オンランシネマ

孤高のスナイパー

トランプ大統領「グリーンランド買収!」の野望が見事に明かされる!タイムリーすぎるテロ映画。

SKYTTEN  
2013年 デンマーク カラー 94分 TV2(デンマーク)/ Nordisk Film Aamazon Primeで視聴可能 (「ザ・シューター 孤高のテロリスト」名義でWOWOWで放映)
監督:アネット・K・オルセン 脚本:アーケ・サンドグレン、マイケル・W・ホルステン
出演:トリーヌ・ディルホム、キム・ボドゥニア、ニコライ・リー・コス、クリスチャン・ハルケン、ラース・ランゼ、カーステン・ビィヤーンルン ほか

 映画自体は、2013年と少し古いものだが、あまりにタイムリーな内容でぶっ飛んだ!世界規模のジャイアンこと、気狂いトランプ大統領が、先日ツィッター上で発表した、グリーンランドの買収計画。
 トランプタワーは建てないと、揶揄されないように先回りしたようだが、「俺様に、グリーンランドを売らないつもりならもういかない!」と言わんばかりの無礼な態度で、マルグレーテ女王の招きで予定していたデンマーク訪問を取りやめて、世界を驚愕に陥れたばかり。
 しかし、6年前に作られたこの映画に、ジャイアン・トランプの目的がまるごと描かれているのだ!

 出だしはそれぞれがニュースを見る場面から始まる。
 世界的な気候温暖化が大きな問題になっている最中、選挙では環境保護を訴えていた首相が当選した途端に国民を裏切り、石油会社とその裏で糸引くアメリカと合意して、グリーンランドでの石油採掘を発表したのだ。
 実はグリーンランドには、(正式には発表されていないが)膨大な石油の埋蔵量があり(少なくともこの映画では)それを掘り出せば大きな利益が得られる。今までは、氷に覆われた大地で、掘削は非現実的だったが、皮肉なことに温暖化の進行で土地が露出してそれが可能になったのだ。
 しかしそのことがもたらす、温室効果ガスの押上の効果は絶大で、まさに危機的な状況を迎えつつある地球の温暖化には大きなダメージとなることは明白だ。首相の手下であるボービー外務相(ニコライ・リー・コス)は、石油会社と共同で設立した基金で温暖化対策も行えるとどこかの自民党内閣のようなゲスな言い訳をするが、国民の怒りは止まず、大きな反対運動を招く。
 しかし、誰よりもこのことを怒っていたのは、地球物理学者としてグリーランドの地下資源の調査に長年従事し、それを採掘することの問題を早くから政府に提言してきたラスムスだった。しかも、ラスムスはなぜか長年ライフル協会に所属する、狙撃の名人らしい。なんだそれ!
 一方まるでデンマークの天海祐希みたいな、人気女性記者ミアは、このタイミングで休暇に入り、インドのカルコタから養子を迎えようとしていた。ちなみにバングラディシュに隣接する西ベンガルに位置するカルコタ(昔はカルカッタと呼んでた)は、世界でも先陣を切って地球温暖化の影響を受けている都市だ。
 新聞社の上司は、この機会に政府の国民を裏切った決定を追求できるのは、人気記者のミアだけだから、ぜひTVに出演し政府を追求してくれと依頼する。
 タイミングギリギリだけど、なんとかミアはTVに出演し政府官僚とやりあうが、そのTV出演以来、ミアの元に身元不明の男からテロ予告の情報がもたらされるようになる・・。

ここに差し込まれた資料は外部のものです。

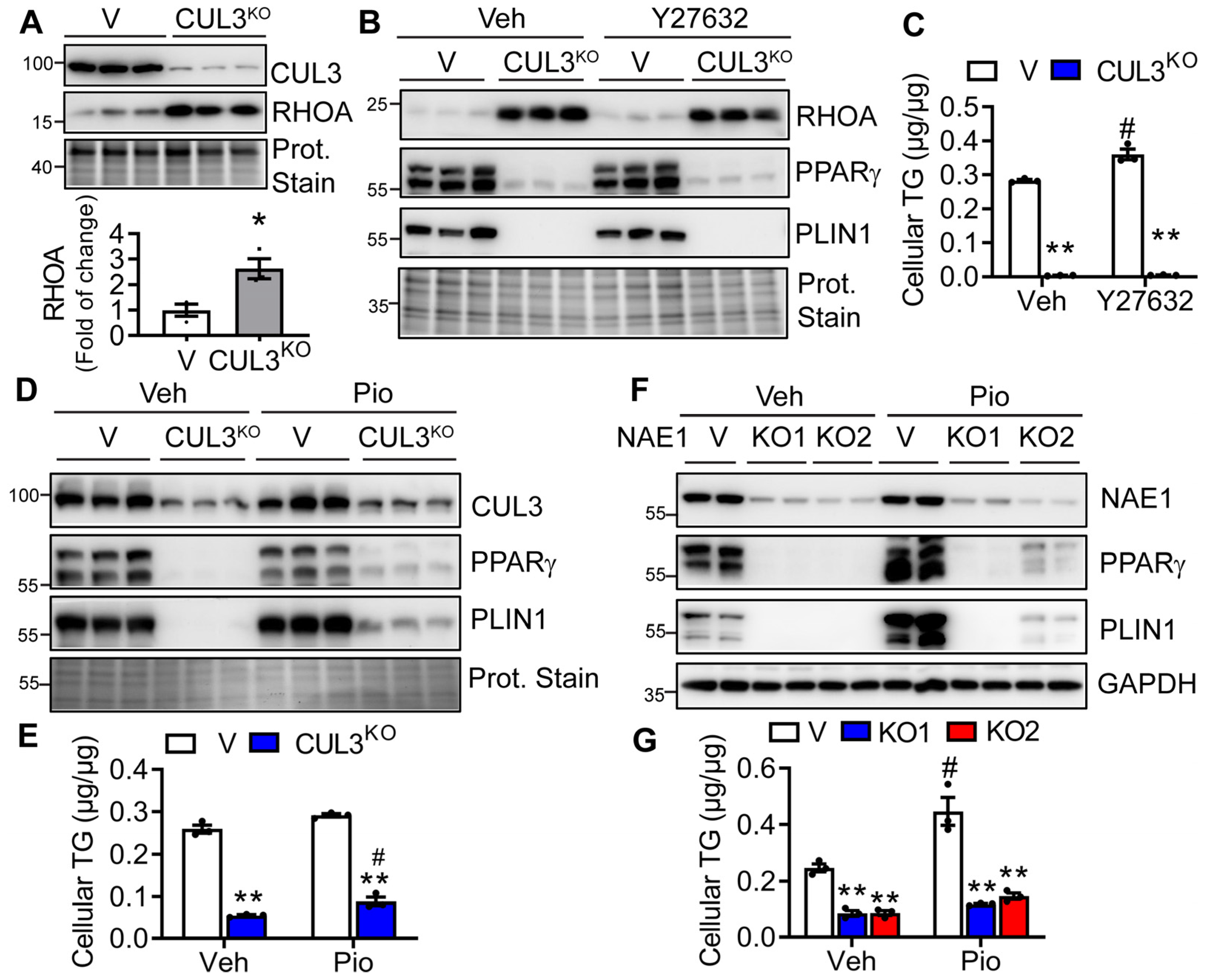 Cells 13 01654 g008 Cells 13 01654 g008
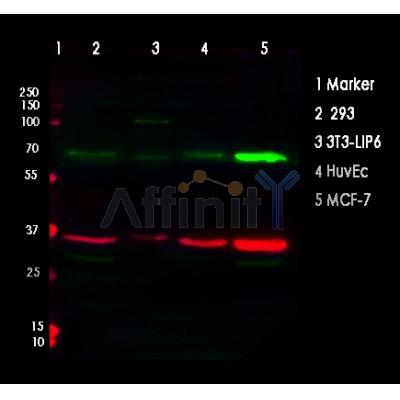 NF-kB p65 Antibody - Western blot analysis of NF-kappaB p65 using various lysates   Lanes 1 - 2: Merged signal (red and green).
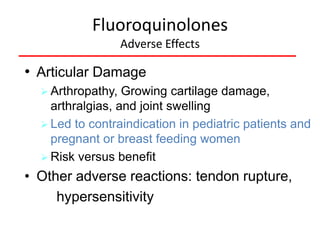 Fluoroquinolones
Adverse Effects

• Articular Damage
 Arthropathy,

Growing cartilage damage,
arthralgias, and joint swelling
 Led to contraindication in pediatric patients and
pregnant or breast feeding women
 Risk versus benefit

• Other adverse reactions: tendon rupture,
hypersensitivity

 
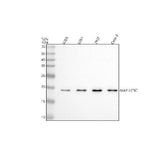 Anti-MAP1LC3C Antibody Picoband® Boster Bio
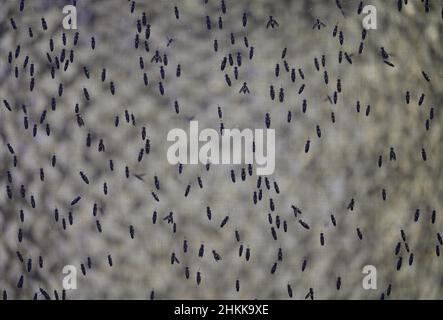 Pfungstadt, Germania. 18th Jan 2022. Numerosi esemplari del soldato nero volare (lat. Hermetia illusens) si sono sistemati sulla rete metallica nella gabbia di volo di Probenda GmbH. La società sta trasformando la larva del soldato nero volare in proteine di alta qualità pasto e grasso dalla primavera del 2021. Credit: Arne Dedert/dpa/Alamy Live News Foto Stock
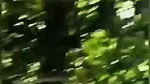 Kannur mallu college girl viral outdoor sex video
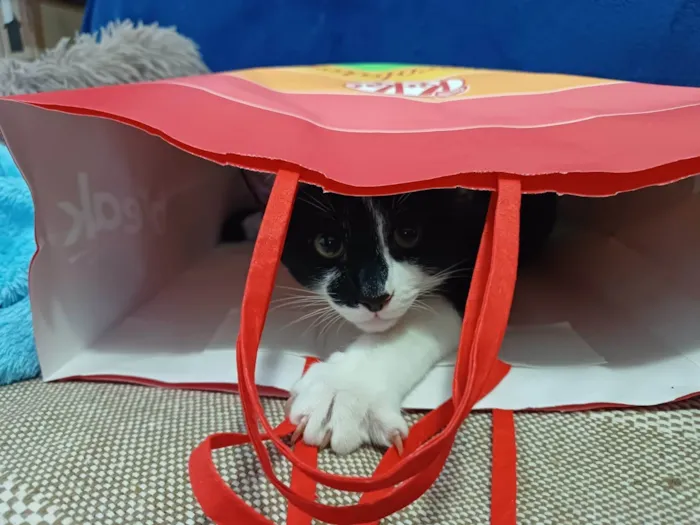 Gato ra a SRD-ViraLata idade 7 a 11 meses nome Tulio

 オープニングのグリーンランドの風景や、人工的な明かりの少ない部屋の中の描写などは、まさに「THE KILLING/キリング」を思わせて期待させる。「コペンハーゲン/首相の決断」などでも、いくつかディレクションしていた女性監督アネット・K・オルセンは、社会ドラマだけでなく揺れる働く女性のドラマを盛り込みたかったらしい。テロや政府の欺瞞よりも大きな要素となっているのが、ミアが養子面接に間に合うかという問題の方である。
 ミア役は、マッツ・ミケルセン主演の『ロイヤル・アフェア 愛と欲望の王宮』(2012)など知られるトリーヌ・ディルホム。颯爽とした感じは、新聞記者にはぴったりだが、正直あんまり同情する気になれない。
 一方、最後はテロリストと化しても温暖化を止めさせようとするラスムスを演じるのは、あの「THE BRIDGE/ブリッジ」のシーズン1/2、サーガの相棒マーティン・ローデを演じたキム・ボドゥニア。いい人の感じは十分だ。
 見た目はイケメンだが、国民を裏切る大臣について行く、いけ好かないボービー外務大臣は、「特捜部Q」シリーズのニコライ・リー・コスが演じる。
 出演者は十分豪華だが、しかし、何と言っても脚本が情けない。キリングの脚本家マイケル・W・ホルステンも参加してはいるが、サポートしている程度なのだろう。物語は直線的に進むが、これといってどんでん返しもなく、緊迫感も乏しい。根本的な問題として、一人のスナイパーが政策を翻意させるようなインパクトのあるテロ行為を行うということ自体無理がある。

1977年に制作されたオリジナル版

 実を言えばこの映画は、1977年にデンマークで制作された同名映画<Skytten>のリメイクであるようだ。オリジナル映画の方は、原子力発電所の建設に抵抗するために、元狙撃手が立ち上がる話だが、1977年という時代を考えれば十分緊迫感のある話だったはずだ。1977年といえば、連合赤軍による「ダッカ日航機ハイジャック事件」が起こった年。世界は、まだテロに対する準備ができていなかった。
 9.11以降世界は完全に変わった。20世紀には考えられないくらい危険で、殺伐とした時代に突入。テロに対する方針も、世界で共通化してしまっている。この時代でテロを描くのであれば、狙撃のような生易しい手段では、あまりにアナクロだろう。

 ドラマの最後の方では、アメリカはこの開発に協力することで、第二次世界大戦中にグリーンランドに設置したチューレ空軍基地を大幅に拡大する密約を取り付けていたことが明らかになってくる。
 これこそが、気狂いトランプが石油による金儲け以外に考えている、もう一つの「不動産取引」の中身なはずだが、その描写も実にあっさりではある。2013年当時は、これが現実になるとは、制作者もさすがに考えていなかったというわけだろうなあ。仕方ない。